◆ Listed records:
....
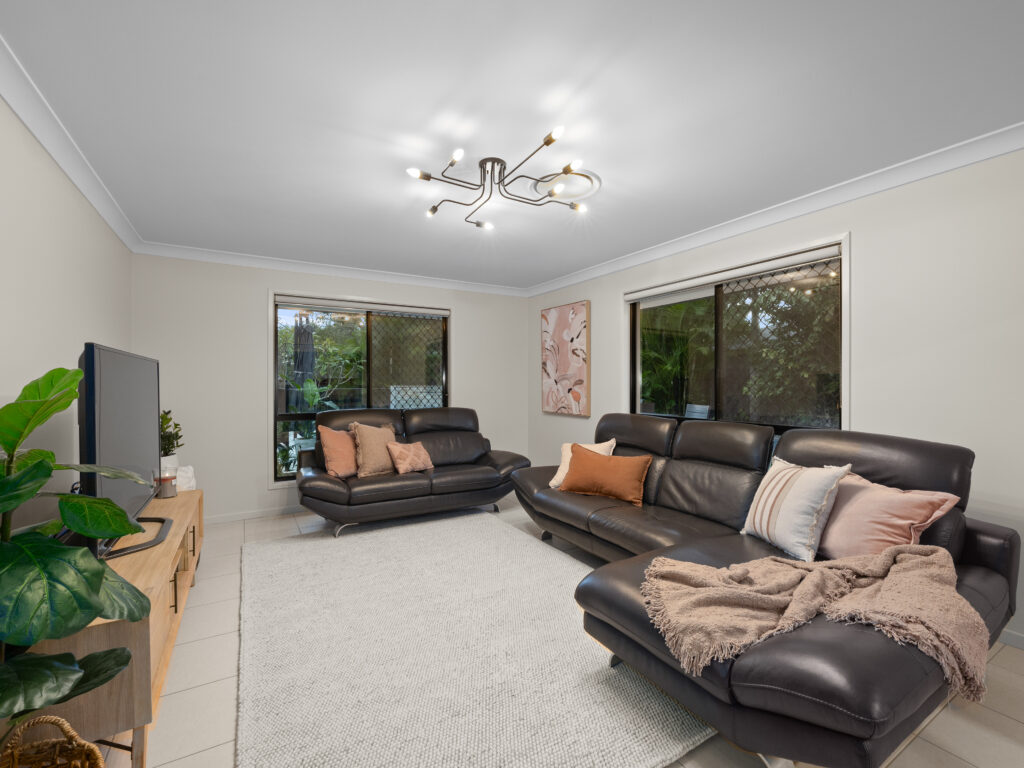 5 Conlan Court, Augustine Heights, QLD 4300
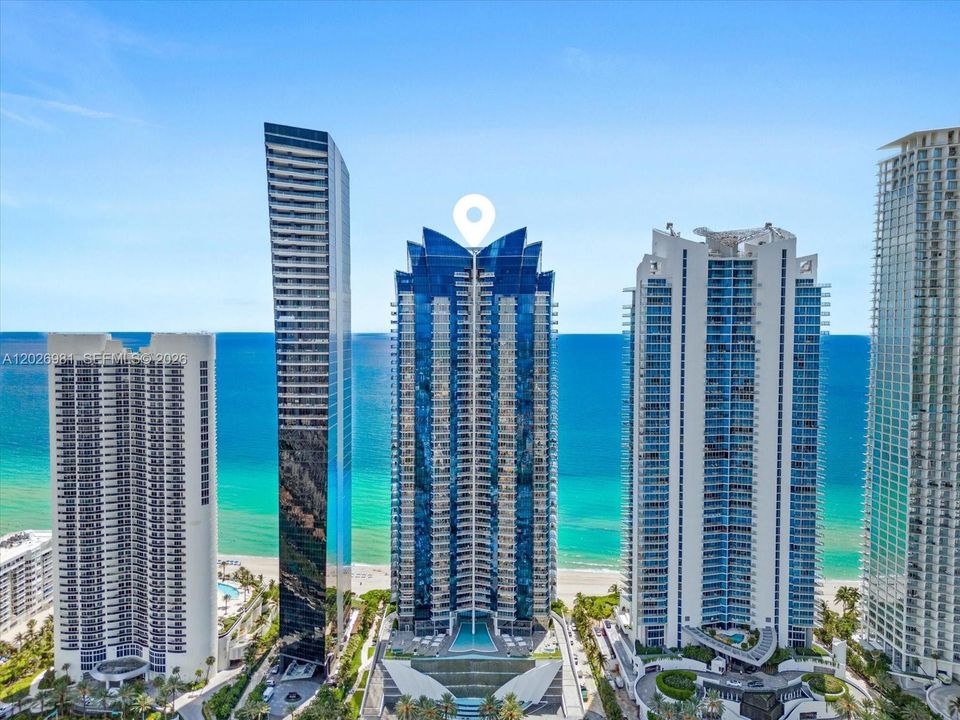 En Venta: $2,795,500 (3 camas, 3 baños, 1933 Pies cuadrados)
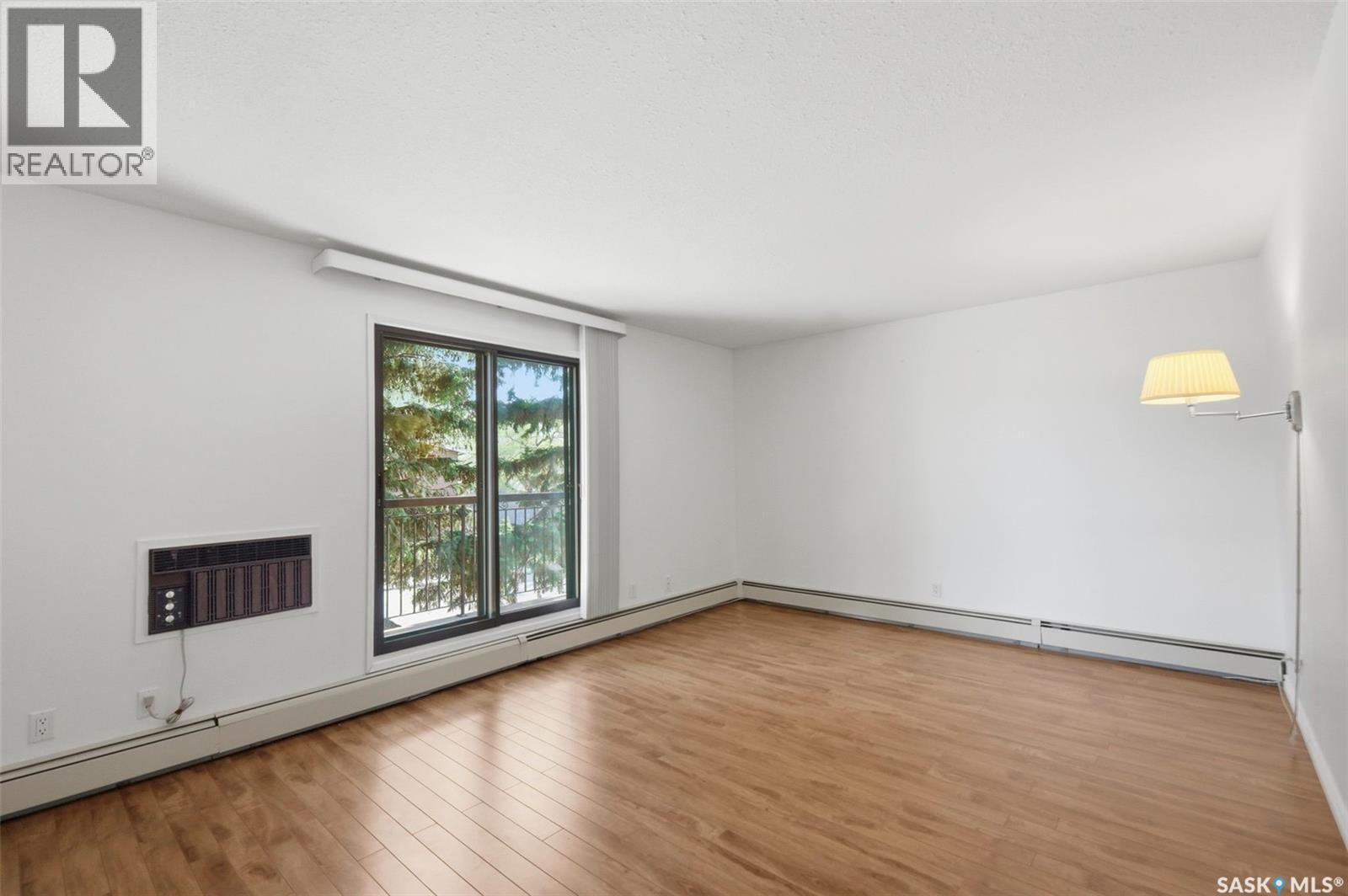 #104 3120 Louise STREET - 18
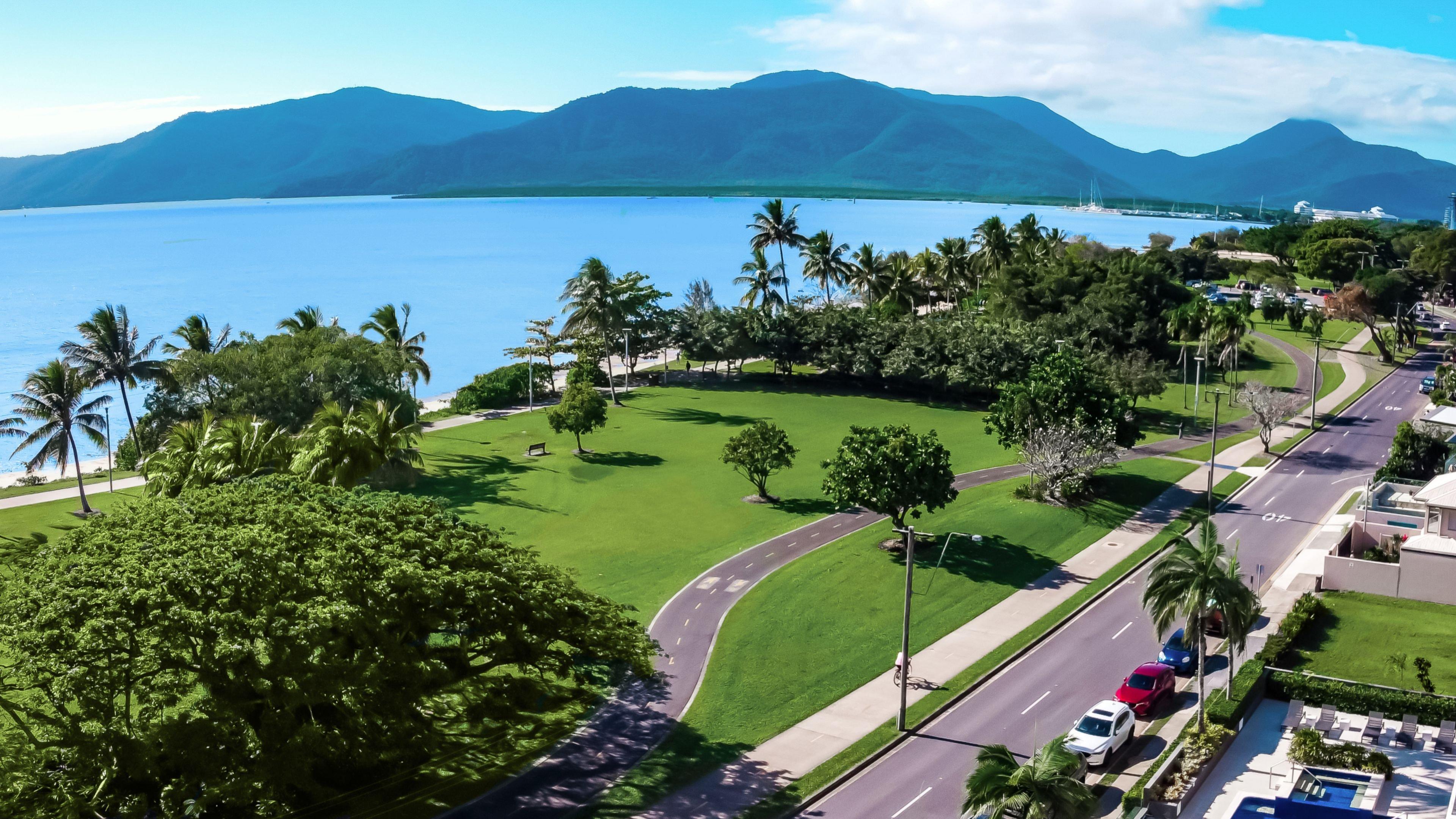 Hotel Harbourside Cairns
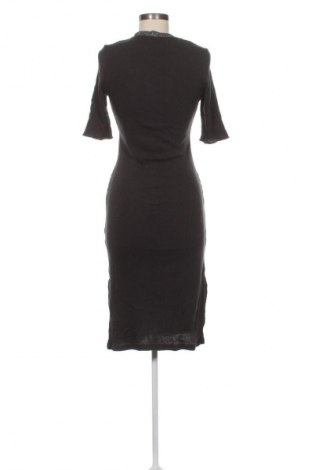 Šaty  H&M, Velikost M, Barva Šedá, Cena  139,00 Kč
....
◆ Task details: In the copy, no pictures should appear; the records themselves must be repeated exactly.

◆ Task result:
 5 Conlan Court, Augustine Heights, QLD 4300
 En Venta: $2,795,500 (3 camas, 3 baños, 1933 Pies cuadrados)
 #104 3120 Louise STREET - 18
 Hotel Harbourside Cairns
 Šaty  H&M, Velikost M, Barva Šedá, Cena  139,00 Kč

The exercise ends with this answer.